[Crawled caption data]
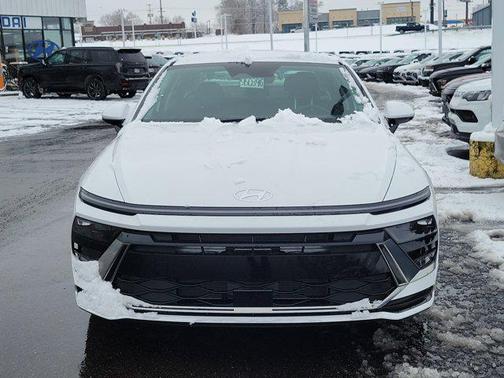 2026 Hyundai SONATA SEL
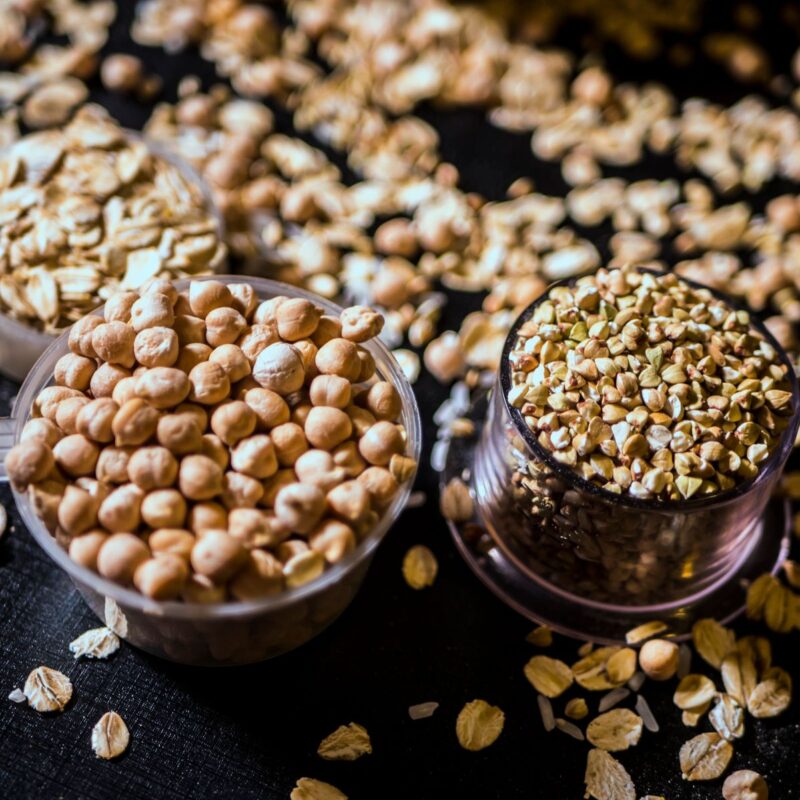 Frutta secca, semi e cereali integrali, fonti alimentari di manganese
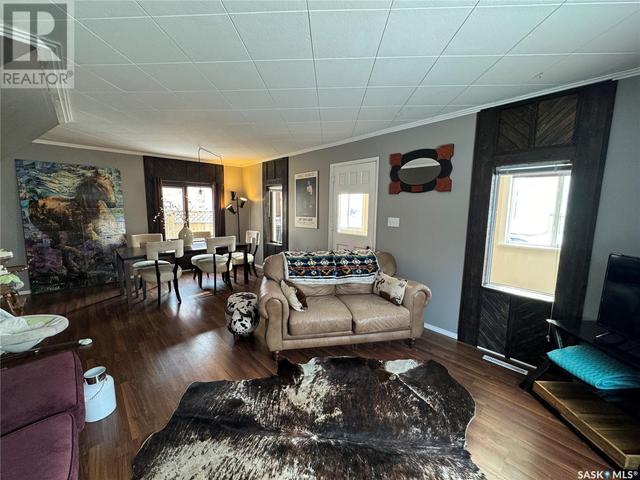 415 2nd Avenue E, House detached with 4 bedrooms, 2 bathrooms and null parking in Biggar SK | Image 15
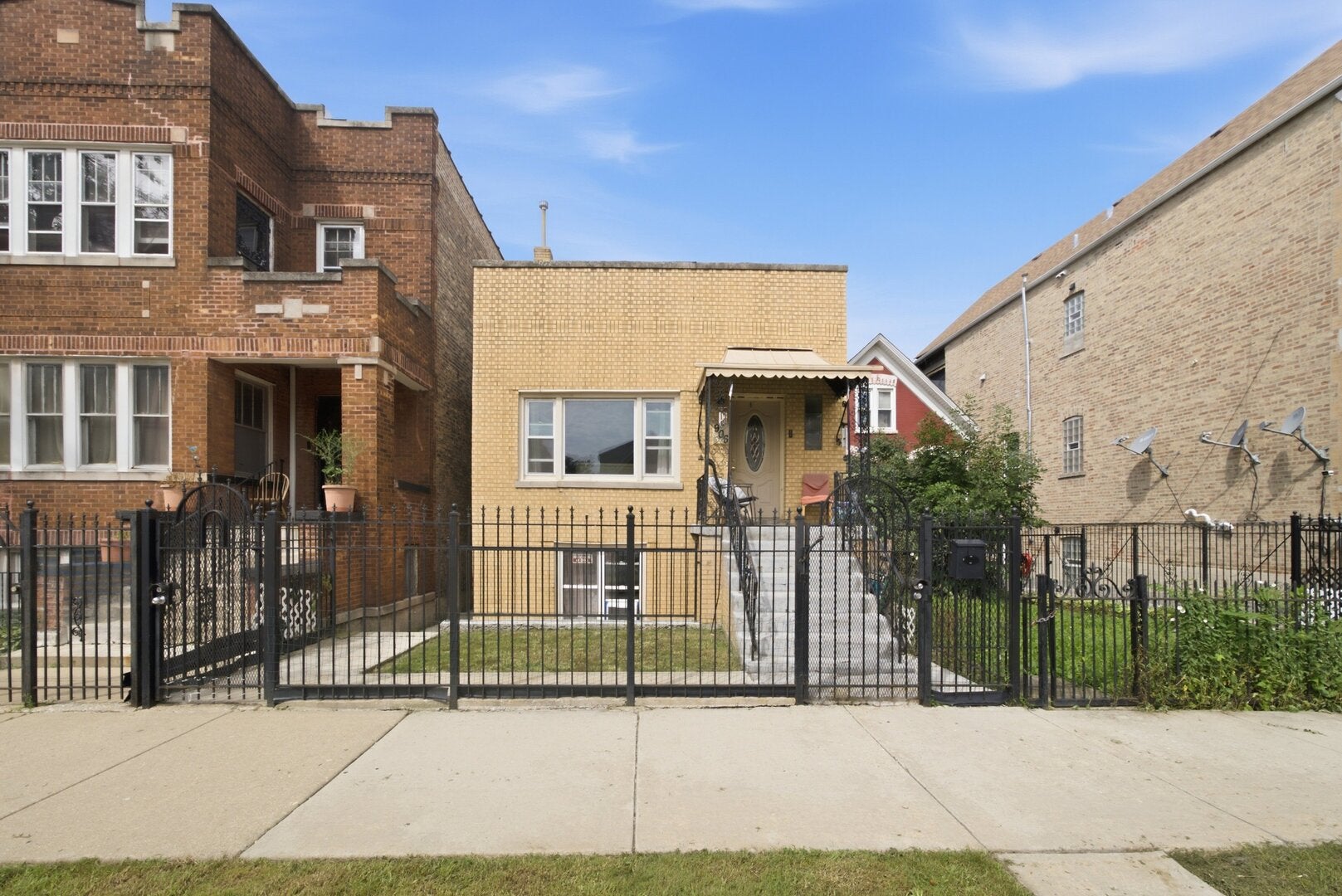 906 N Monticello Avenue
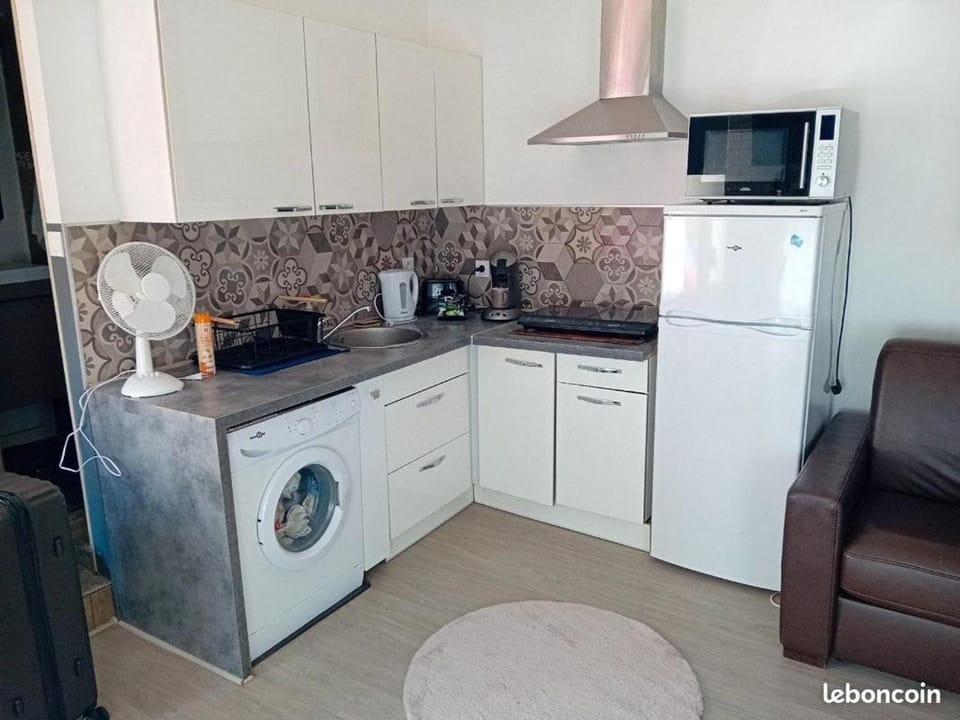 Coffee/tea facilities, Kitchen or kitchenette, stove, toaster, washing machine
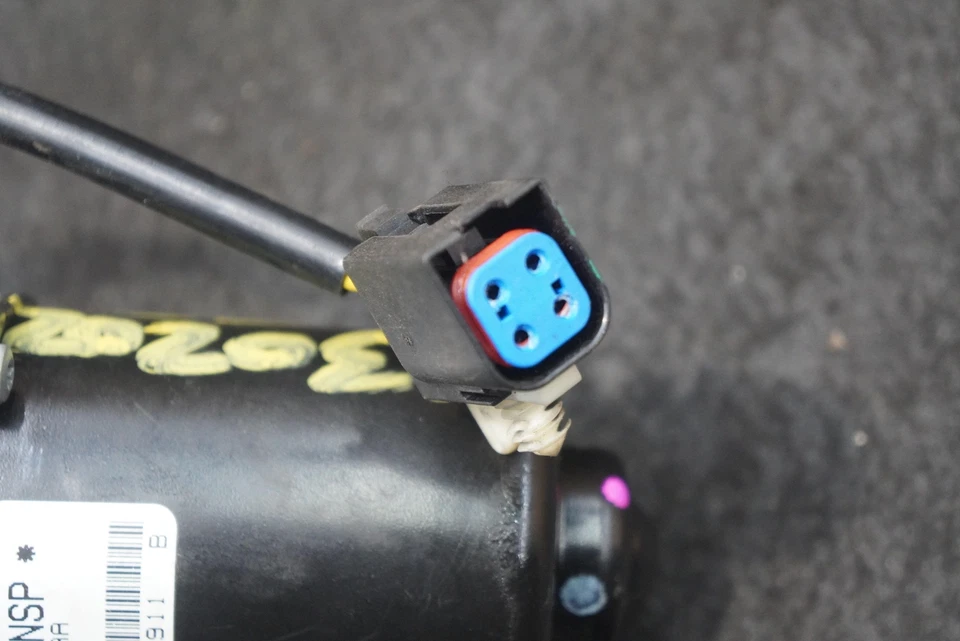 前挡风玻璃雨刮电机 Ag43-67350-aa Oem 阿斯顿·马丁 V12 Vantage 2017 — 第 3/4 张图片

| Exercise instructions |
In the answer, give only the lines from the top of the data above through the line with "906 N Monticello Avenue", reproduced exactly; no picture may appear.

| Output below |
 2026 Hyundai SONATA SEL
 Frutta secca, semi e cereali integrali, fonti alimentari di manganese
 415 2nd Avenue E, House detached with 4 bedrooms, 2 bathrooms and null parking in Biggar SK | Image 15
 906 N Monticello Avenue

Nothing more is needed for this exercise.